Enviada em 29/10/2021

Apesar de ser um debate atual, a objetificação da mulher é algo presente na sociedade a muito tempo. Na Grécia antiga, o papel da mulher era restrito aos afazeres domésticos e à reprodução. Na atualidade, mesmo que o problema seja menos grave, ainda é muito preocupante, uma vez que é perceptível a objetificação feminina, sobretudo na publicidade. Assim, é importante debater as raízes de tal problemática, bem como seus efeitos para o tecido social, com o objetivo de propor medidas que atenuem tal questão.

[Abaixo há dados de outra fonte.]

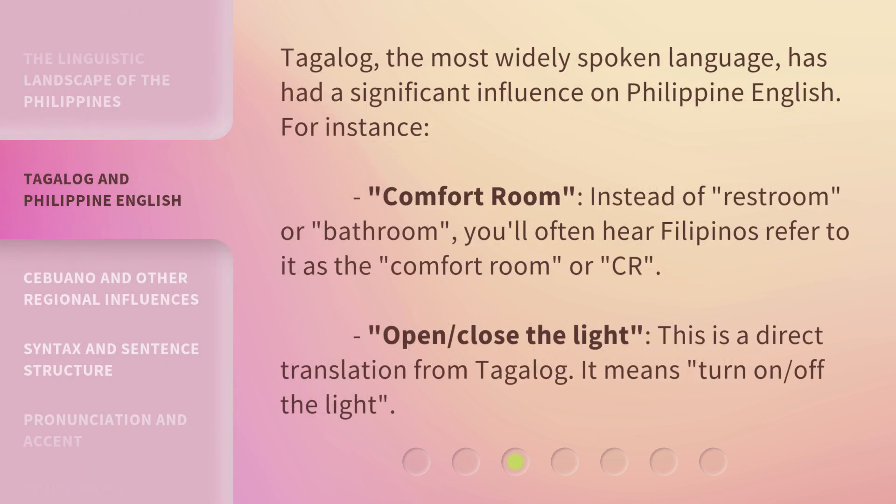Tagalog, the most widely spoken language, has had a significant influence on Philippine English. For instance, 'comfort room' instead of 'restroom' or 'bathroom' — you'll often hear Filipinos refer to it as the comfort room, or CR. Also, 'open or close the light' is a direct translation from Tagalog, meaning 'turn on or off the light.'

Em primeiro plano, é importante destacar a visibilidade lucrativa como elemento causador de tal objetificação na publicidade. Acerca disso, é importante trazer o discurso do sociólogo Karl Marx, o qual afirma que a priorização lucrativa, no modo de produção capitalista, sempre gera problemas para a sociedade. Nesse viés, percebe-se a relação entre o pensamento filosófico e o debate em questão, já que a objetificação da mulher na publicidade está atrelada à obtenção de capital. Prova disso é uma propaganda da cerveja Itaipava, na qual uma mulher seminua serve a bebida para três homens, situação que popularizou o slogan " vai verão, vem verão" e alcançou expressiva rentabilidade para a marca da bebida.

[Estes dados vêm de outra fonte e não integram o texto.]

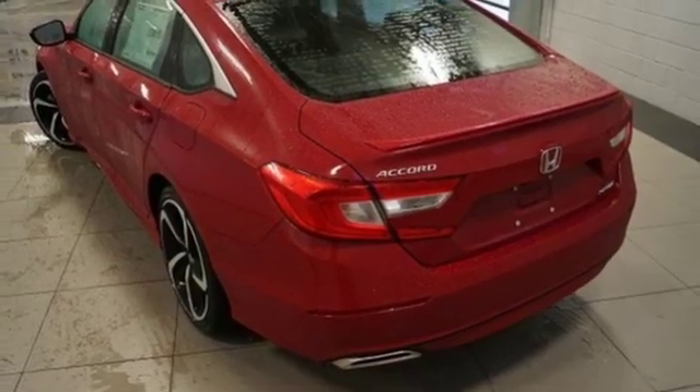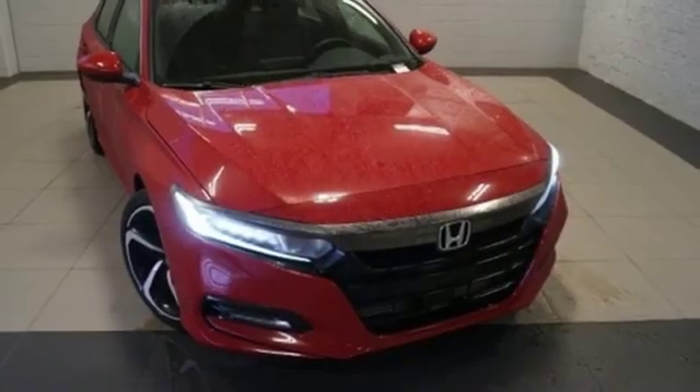Aluminum wheels, gas pressurized shocks, and manual transmission. Honda has a world-renowned reputation for reliability.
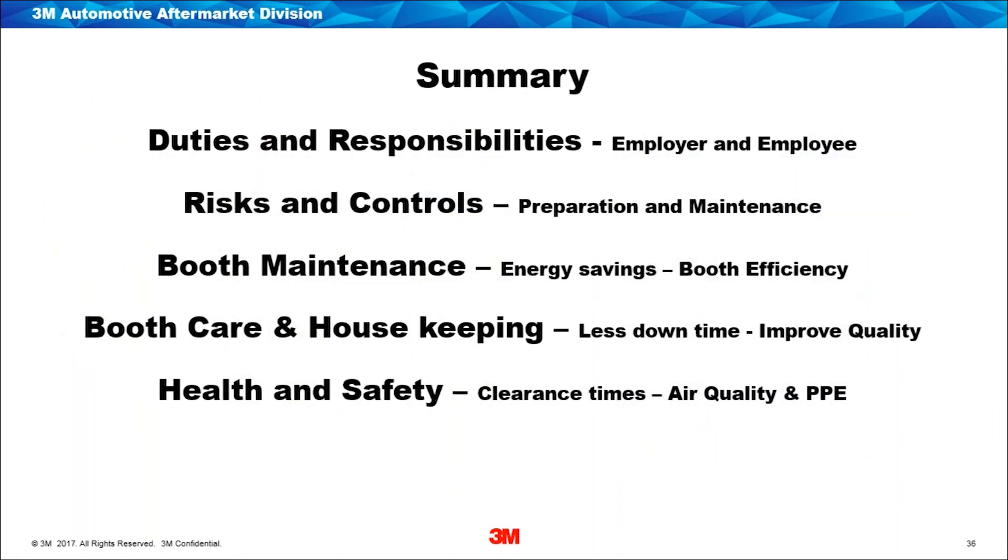Hopefully we've covered most of the things we said we were going to — duties and responsibilities, risks and controls, booth maintenance, booth care and housekeeping, and health and safety. If there are any questions, please go through the system. We have a question from Andy asking whether he can use a battery-powered air or non-supplied air system when spraying two-pack clear coats. I'll hand that over to George, but I think I know the answer.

Ademais, vale ressaltar a manutenção de posturas machistas na sociedade como sendo reflexo da objetificação da mulher na publicidade. Isso porque, de acordo com a filósofa Hannah Arendt, no conceito de banalidade do mal, a naturalização do preconceito acaba por gerar uma sociedade conservadora e, nesse caso, machista. Tal questão pode ser observada numa pesquisa publicada pelo portal de notícias “Carta Capital”, a qual mostra que, pelo menos 40% dos homens ainda acham que as atividades laborais femininas devem se restringirem à vida doméstica, o que reforça a relação entre o resultado da pesquisa e a normatização da mulher, na publicidade, como alguém que deve atender aos anseios masculinos. Dessa forma, fica claro o quanto a objetificação da mulher ainda tem a ver com o pensamento machista instituído socialmente.

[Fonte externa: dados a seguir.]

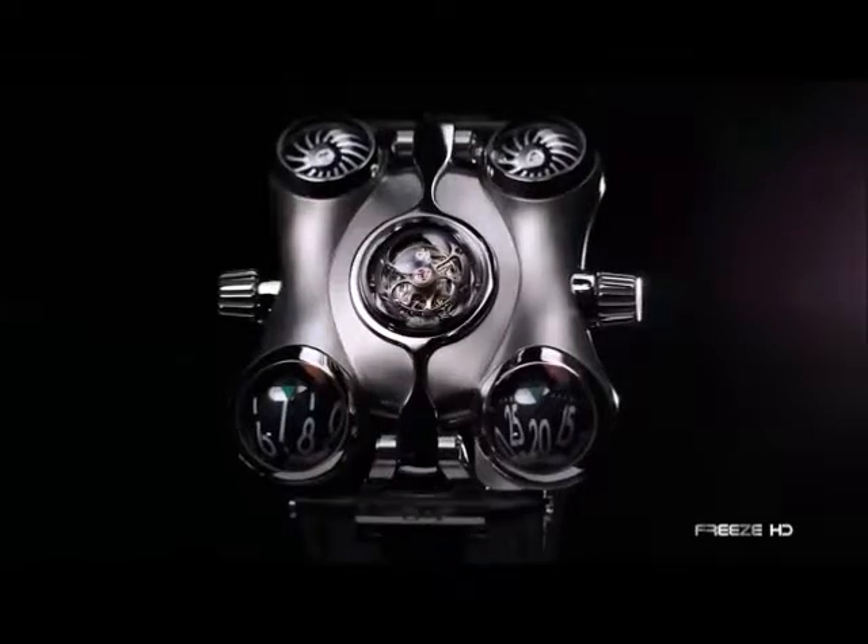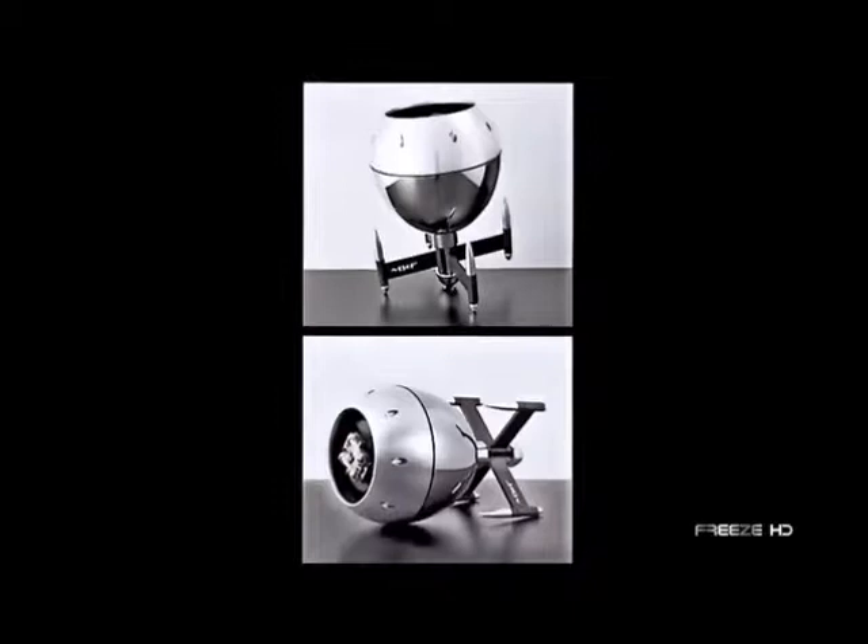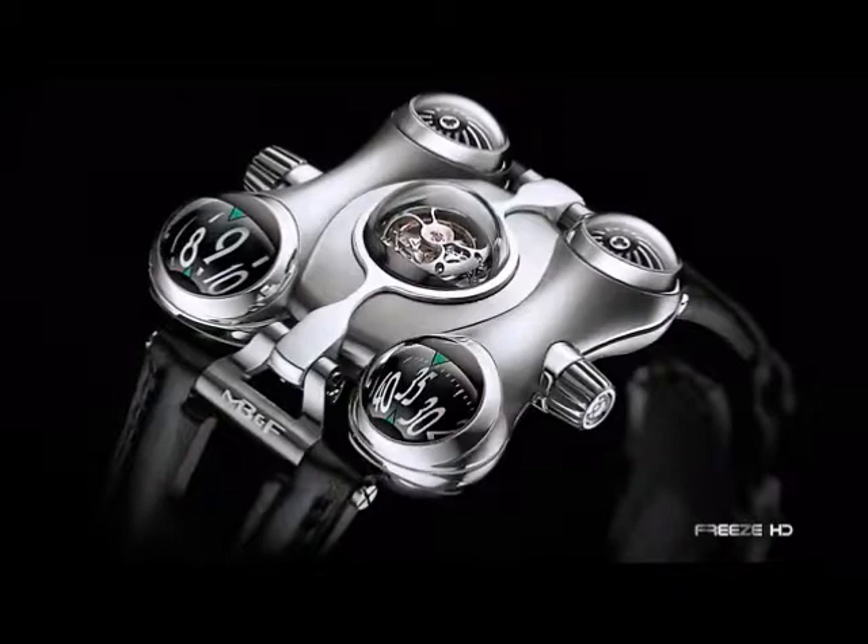Four years in the making, the HM-6 Space Pirate takes its inspiration from Captain Future, a favorite childhood cartoon of MB&F's founder Maximilian Busser. By imagining two Captain Future spaceships coming together to create the body of the watch, the final HM-6 timepiece certainly appears like it hails from another planet.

Destarte, é preciso que medidas sejam implementadas à sociedade brasileira, a fim de desconstruir a objetificação da mulher na publicidade. Para isso, a Defensoria da mulher, por ser um órgão apto a    resolver questões relacionadas às mulheres, deve, por meio de palestras nas escolas, evidenciar o que é a objetificação feminina e, além disso, deixar claro como pode ser evitada. Tal ação terá a finalidade de despertar a criticidade dos estudantes em relação ao problema abordado e, consequentemente, evitar a priorização do lucro em detrimento da manutenção do respeito às mulheres. Feito isso, a realidade contemporânea não mais se assemelhará àquela observada na Grécia antiga.